Original woodblock carved by the editor and printmaker Wolfgang Meyerpeck (b. 1505, d. after 1579), based on a design by Giorgio Liberale (ca. 1527-80), to form one of the illustrations for the 1563 German edition of Mattioli's seminal Dioscurides commentary. It shows the only species of the genus Aquilegia (columbine) that is described in this important work of botany, there given the scientific name "Aquileia" and the German common name "Agley" (Akelei). Columbine was used in medicine in a variety of forms in the Middle Ages as well as in Early Modern times. The highly toxic seeds in particular were used as an aphrodisiac since the Middle Ages. Because of the symbolism attributed to them, columbines were frequently depicted in medieval paintings.
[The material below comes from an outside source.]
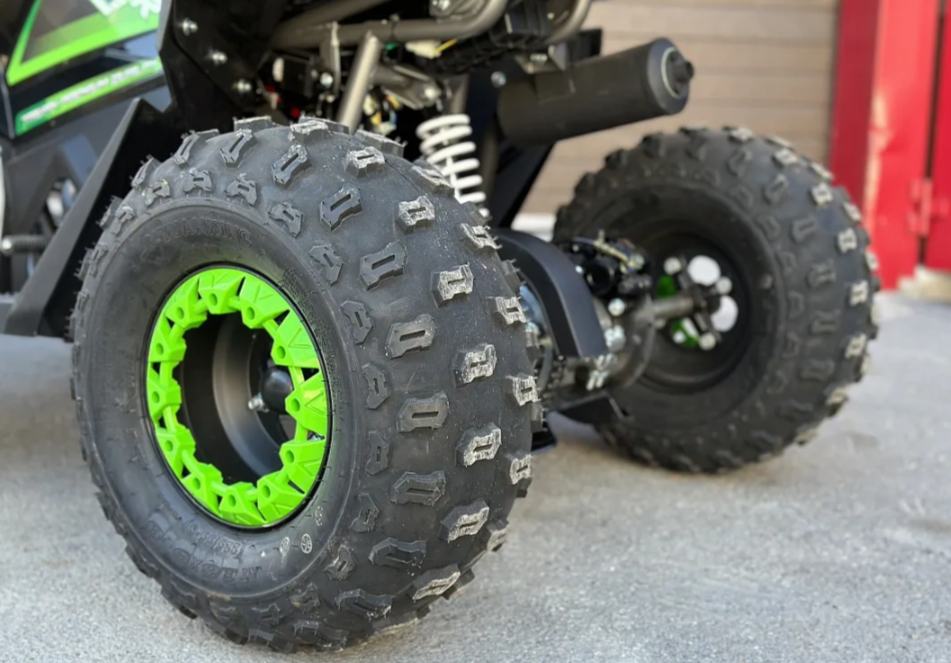 Квадроцикл GBM DAXTER 220 NEW в Подольске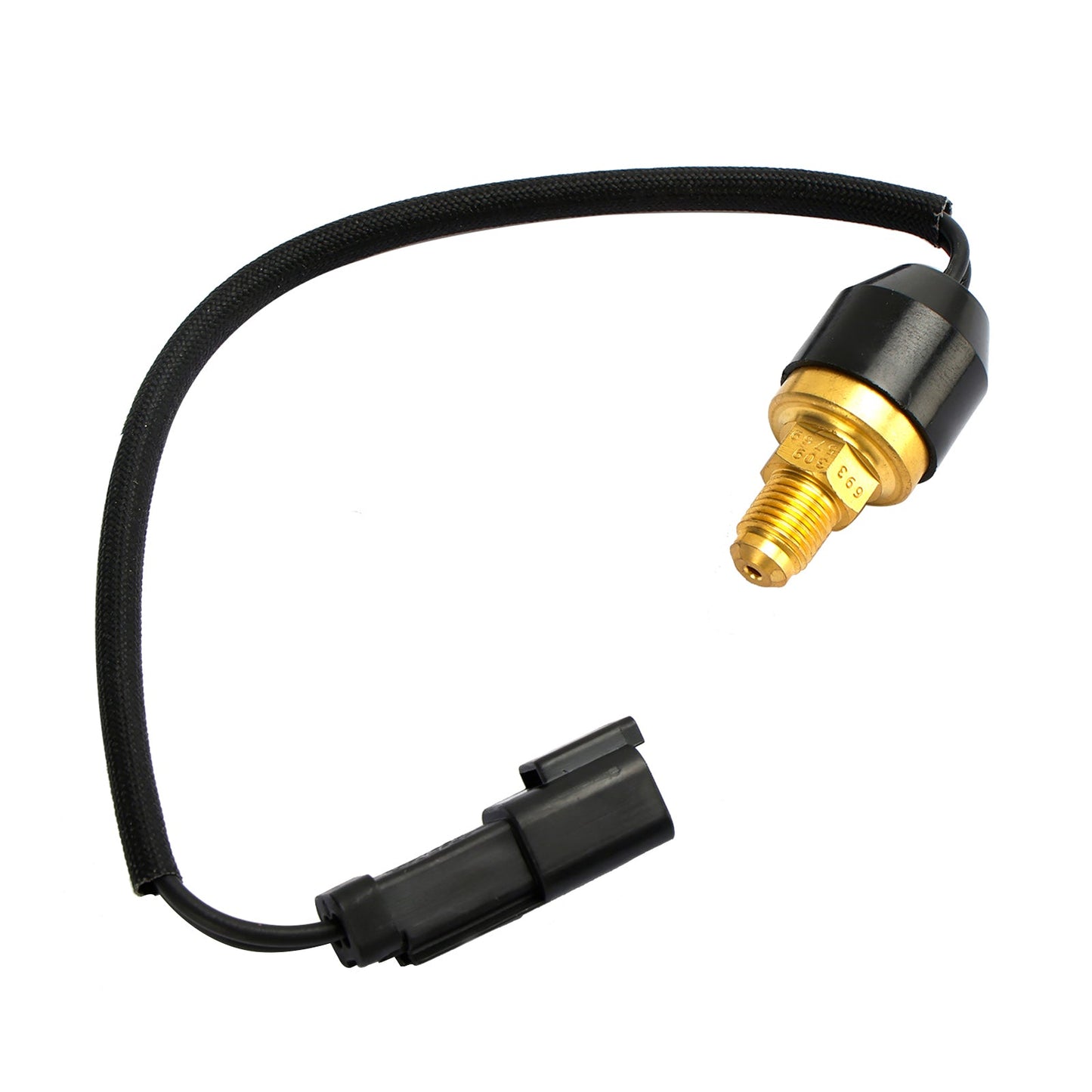 Interruttore AS-Pressure 309-5769 per escavatore Caterpillar CAT 311C 312C 314C 315C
Pietro Andrea Mattioli (1501-77) was already a famous doctor and botanist when he was called to Prague in 1554/55 to serve as private physician to Archduke Ferdinand II. In 1564 he became private physician to the newly elected Emperor Maximilian II, a position in which he served until 1568, when he returned to Italy. During his time in Prague, Mattioli's Commentary, first published in Venice in 1544, was translated both into Czech and German, published in 1562 and 1563 respectively. The German translation is the work of Mattioli's assistant Georg Handsch (1529-78). Although most of Meyerpeck's and Liberale's woodprints were already used in the 1562 Czech edition, this illustration for columbine first appears in the German version. The illustrations were reused in a Latin edition of the work, printed in 1568.

With an old label verso, probably by Duhamel du Monceau. Minimal worming. Provenance: Old Württemberg private collection.

Literatur

P. A. Mattioli & G. Handsch, New Kreüterbuch (Prague, Melantrich von Aventin, 1563), fol. 247v.